Does it work with all websites?

The API works well with many article-based websites, but extraction quality varies by site structure. Well-structured HTML with semantic markup typically yields better results. We recommend testing with your target sites.

How accurate is the extraction?

Extraction accuracy depends on the HTML structure. Well-structured articles with semantic HTML (using <article>, <main>, proper headings) typically yield better results. The API uses enhanced Readability algorithms and AI processing to improve accuracy.

What is the maximum HTML size?

The maximum HTML size per request is 2MB. If your HTML is larger, consider preprocessing or splitting the content.

How do I handle errors?

Check the HTTP status code and error message in the response. 401 means invalid token, 402 means quota exceeded, 400 means invalid request format. See the errors documentation for details.

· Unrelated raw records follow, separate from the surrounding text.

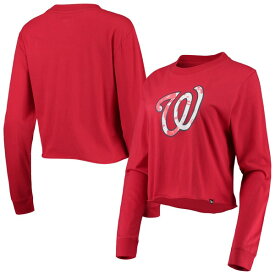 ニューエラ レディース Tシャツ トップス Washington Nationals New Era Women's Baby Jersey Cropped Long Sleeve TShirt Red
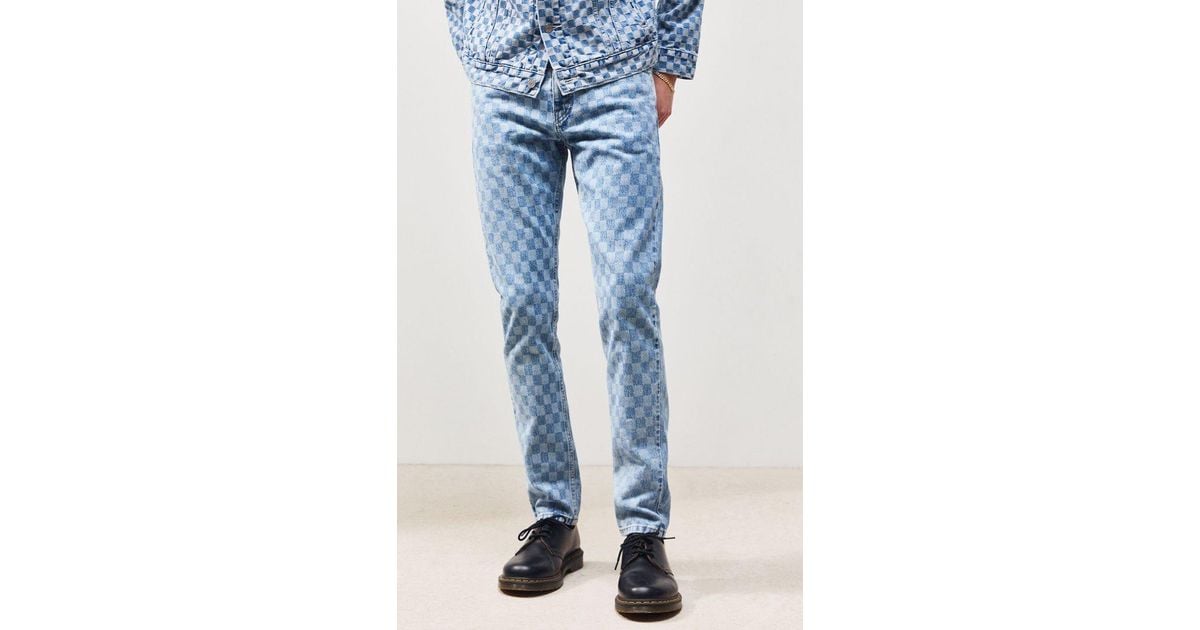 Blue Checker Taper Jeans 512 Men Levi's Slim For mN0vnwOy8P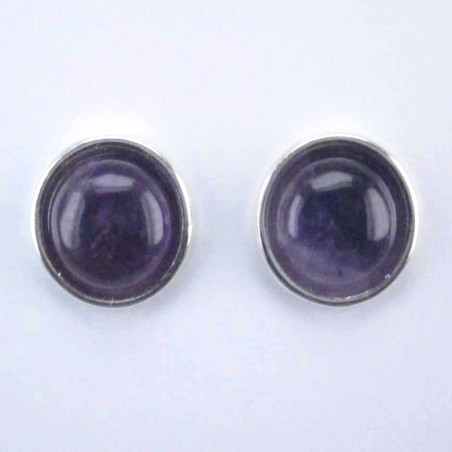 Earring Round 12mm. Ametisth Stone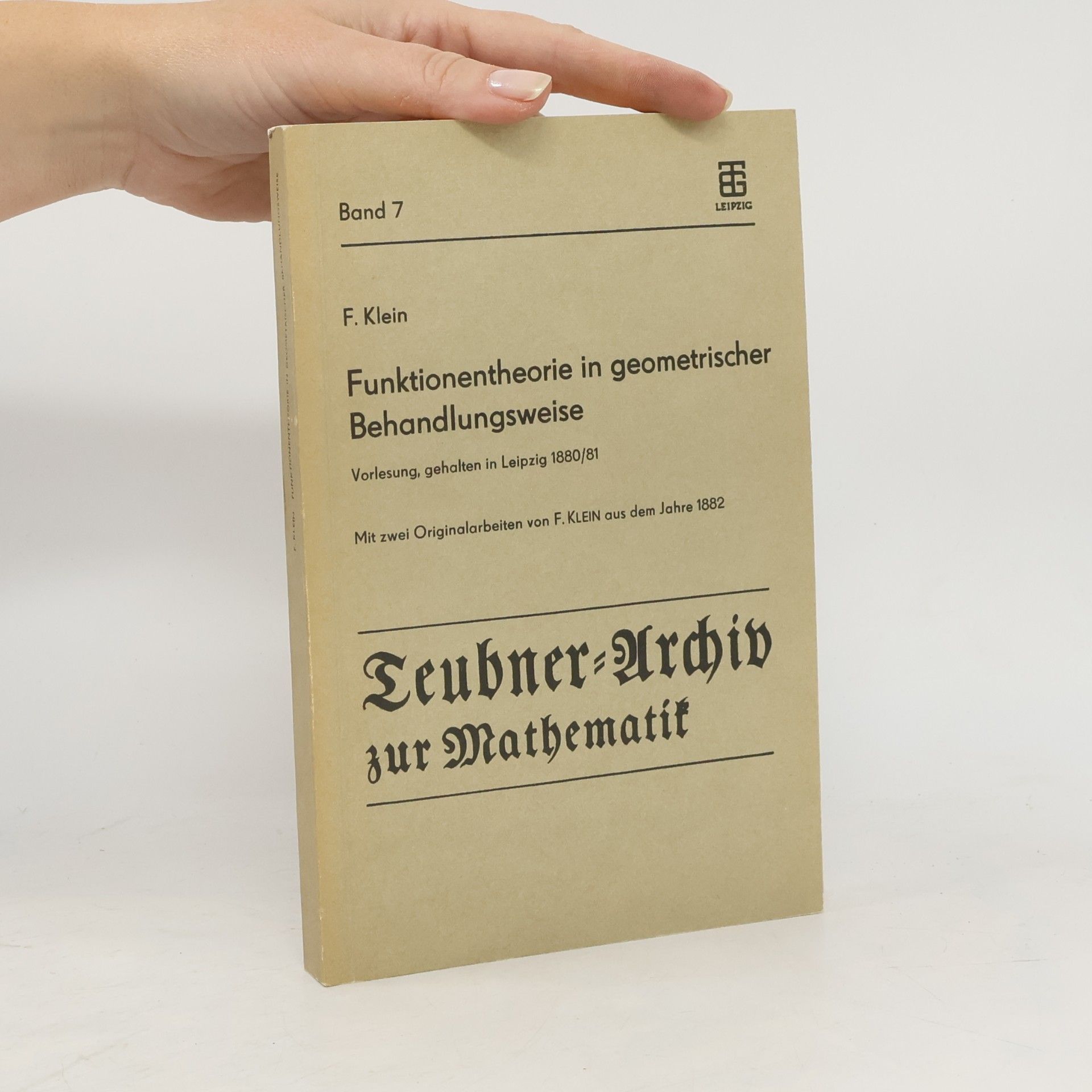 Funktionentheorie in geometrischer Behandlungsweise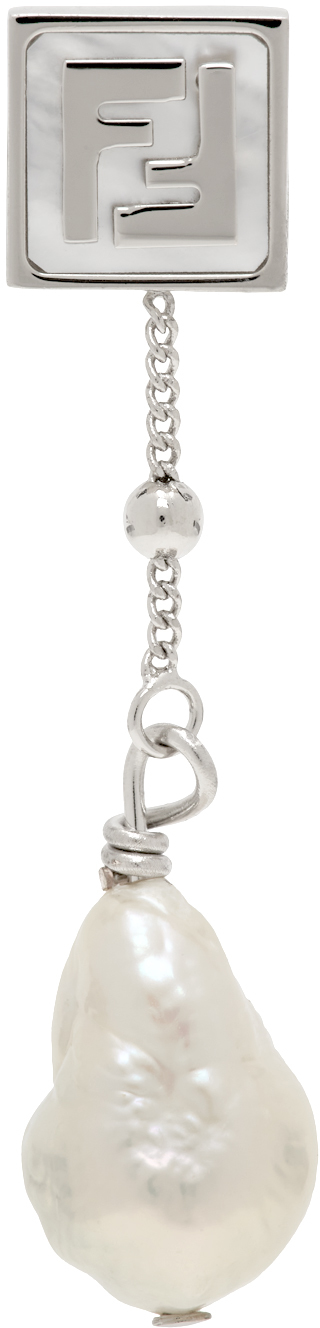 FENDI SILVER 'FOREVER FENDI' SINGLE EARRING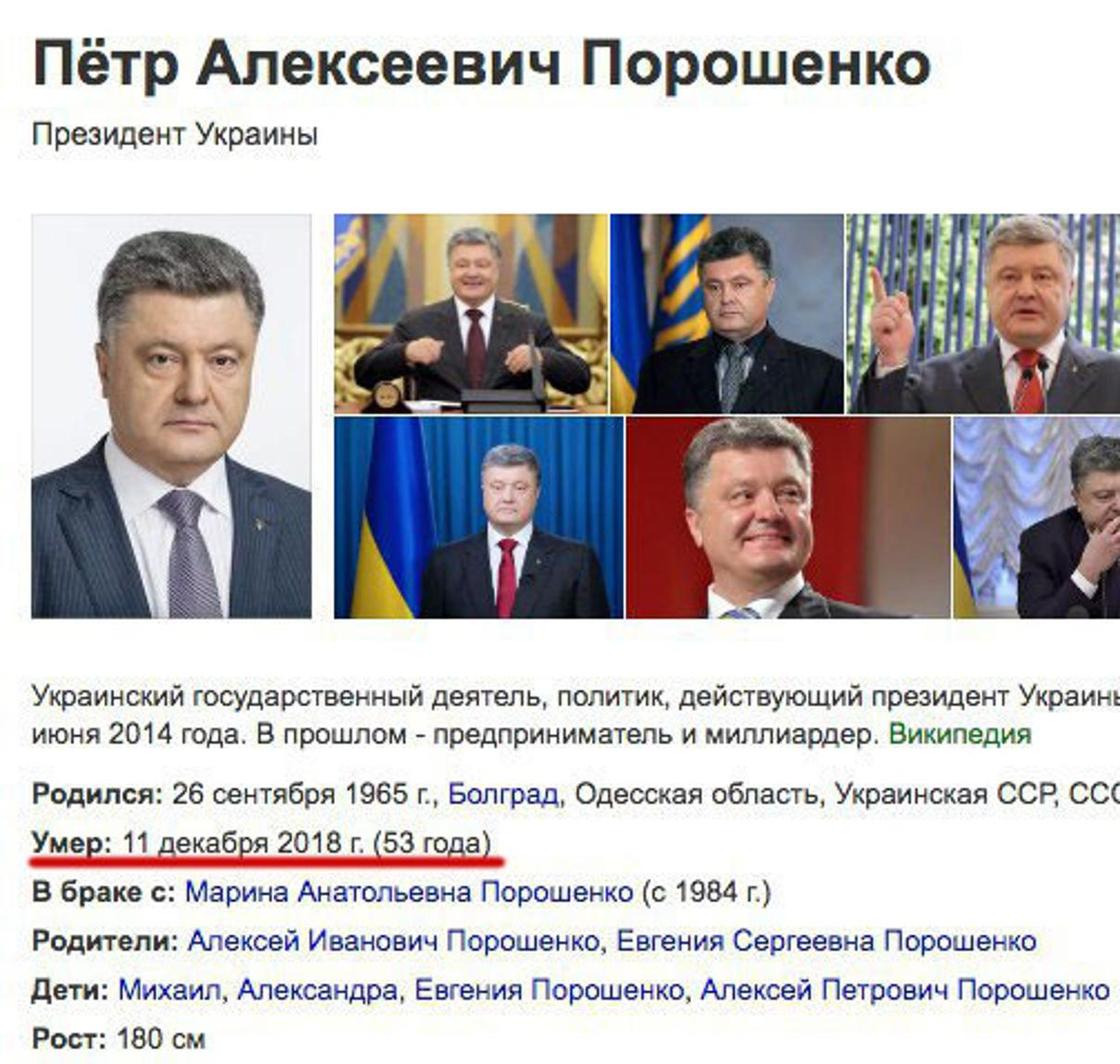 «Умер 11 декабря»: "Википедия" "похоронила" Порошенко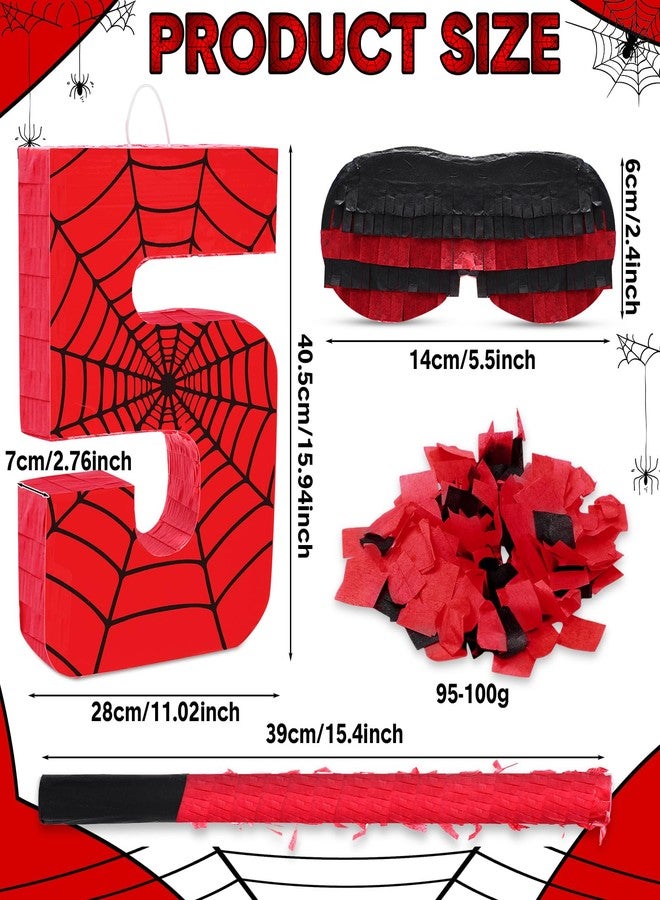 WinnerWhy Number 5 Spider Piñata Bundle with Blindfold and Bat Comic Hero Small Piñata Birthday Party Decoration for Mexican Fiesta Cinco De Mayo Anniversary Celebration Gift, 15.75 x 11 x 2.8 in - Image 2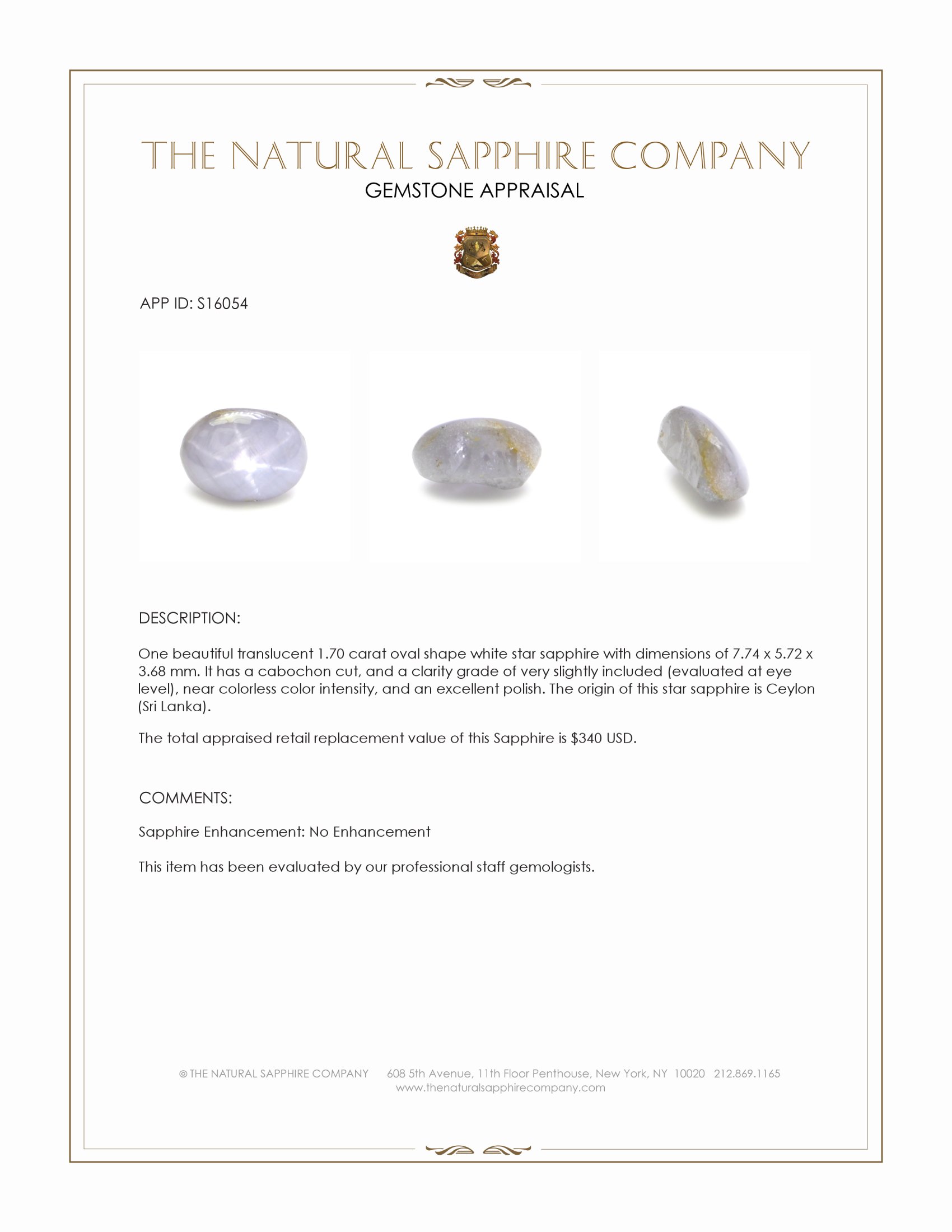 1.70 Ct. White Star Sapphire from Ceylon (Sri Lanka)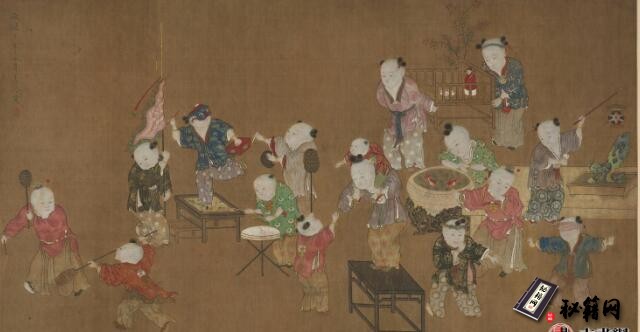 古籍.婴戏图. 明. 夏葵绘.10942X5964 像素. 绢本设色 藏于克利夫兰艺术博物馆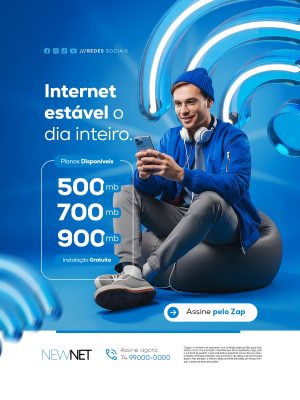 Internet Estável o Dia Inteiro Planos Provedor de internet PSD Editável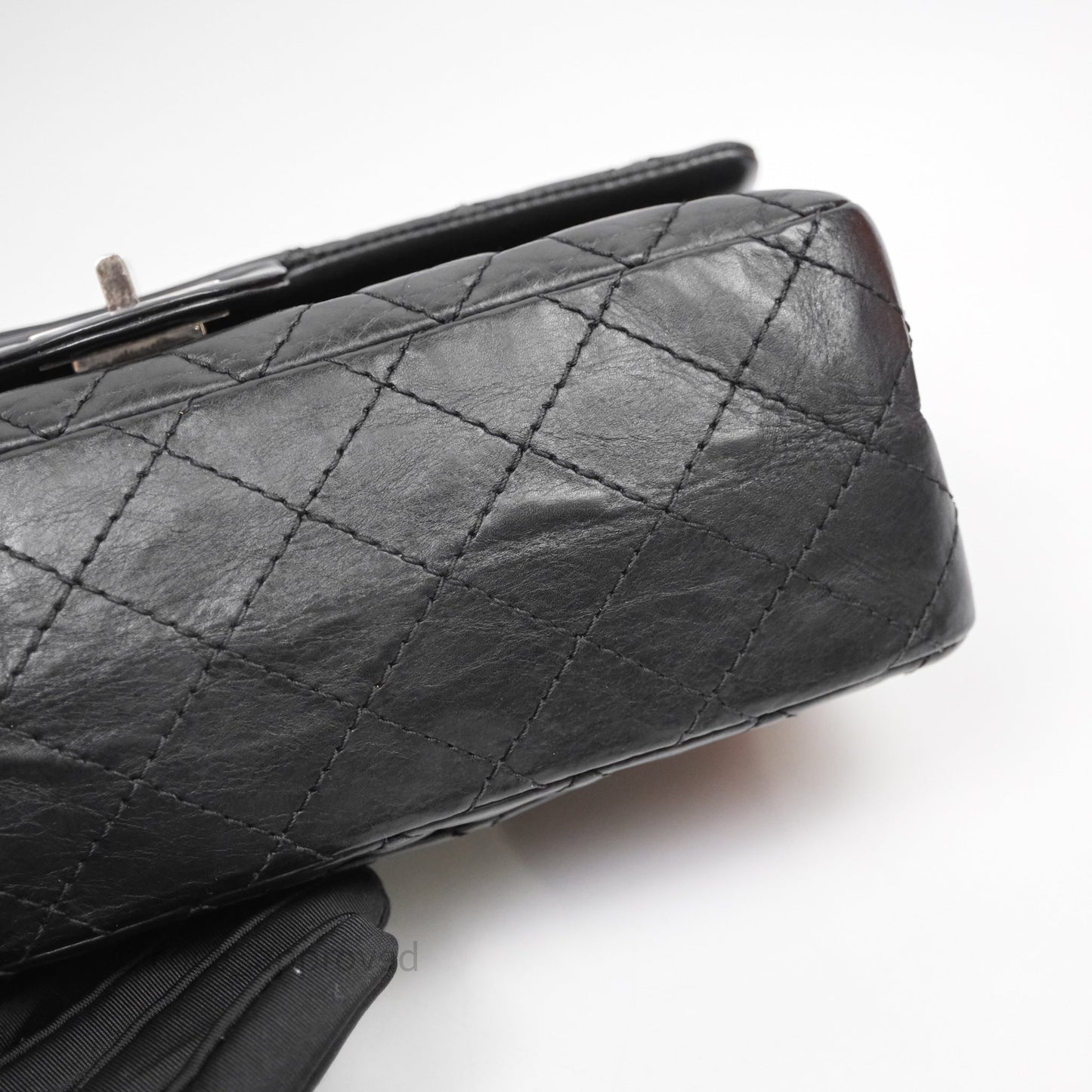 Chanel Reissue 225 Quilted Black Crumple Calfskin Ruthenium Hardware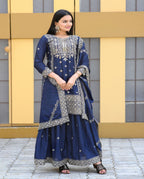 Lehenga Mart Designer Chinon Suit With Coding Sequence Embroidered Work - Blue | Grocsy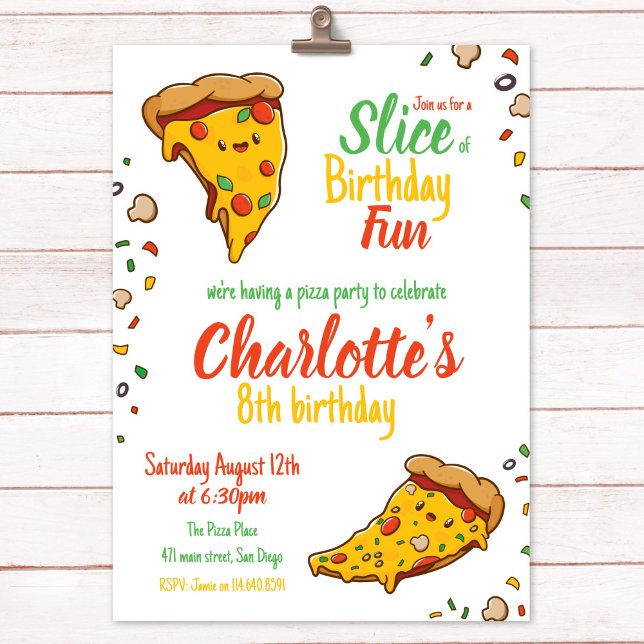 Invitation Pizza, Slice of Birthday fun, kawaii (Créateur téléchargé)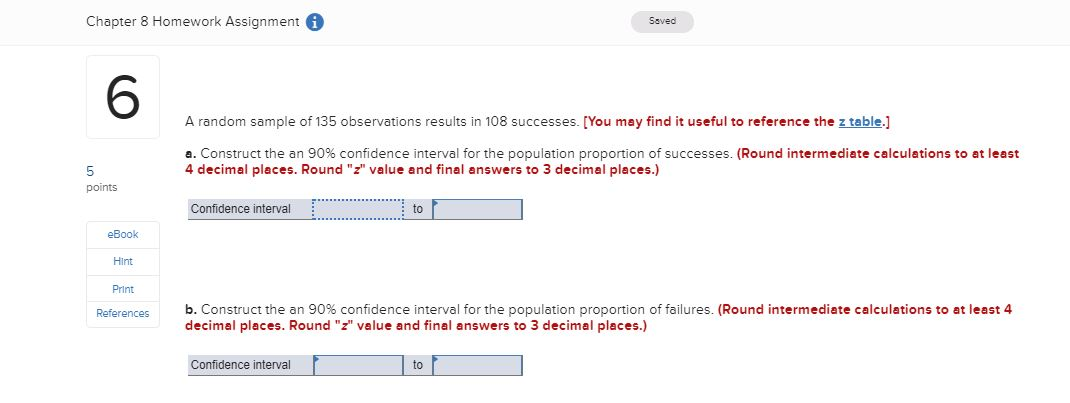 Solved Chapter 8 Homework Assignment i Saved A random sample | Chegg.com
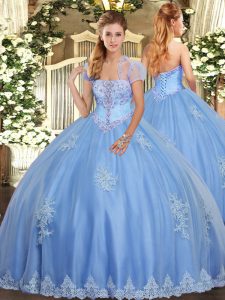 Light Blue Ball Gowns Strapless Sleeveless Tulle Floor Length Lace Up Beading and Appliques 15 Quinceanera Dress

Can I use this for web scraping?

This API processes HTML you provide - it does not fetch URLs or crawl websites. You need to obtain HTML through other means (respecting robots.txt and terms of service). The API extracts content from HTML you already have.

Do credits expire?

No, credits never expire. Once purchased, credits remain available until used.

What counts as a request?

Each API call to /v1/extract counts as one request, regardless of HTML size (up to 2MB limit) or extraction success/failure. Failed requests (4xx/5xx errors) don't consume credits.

Can I use this for commercial purposes?

Yes, you can use the API for commercial purposes. Make sure you have rights to process the content you're extracting and comply with applicable terms of service and laws.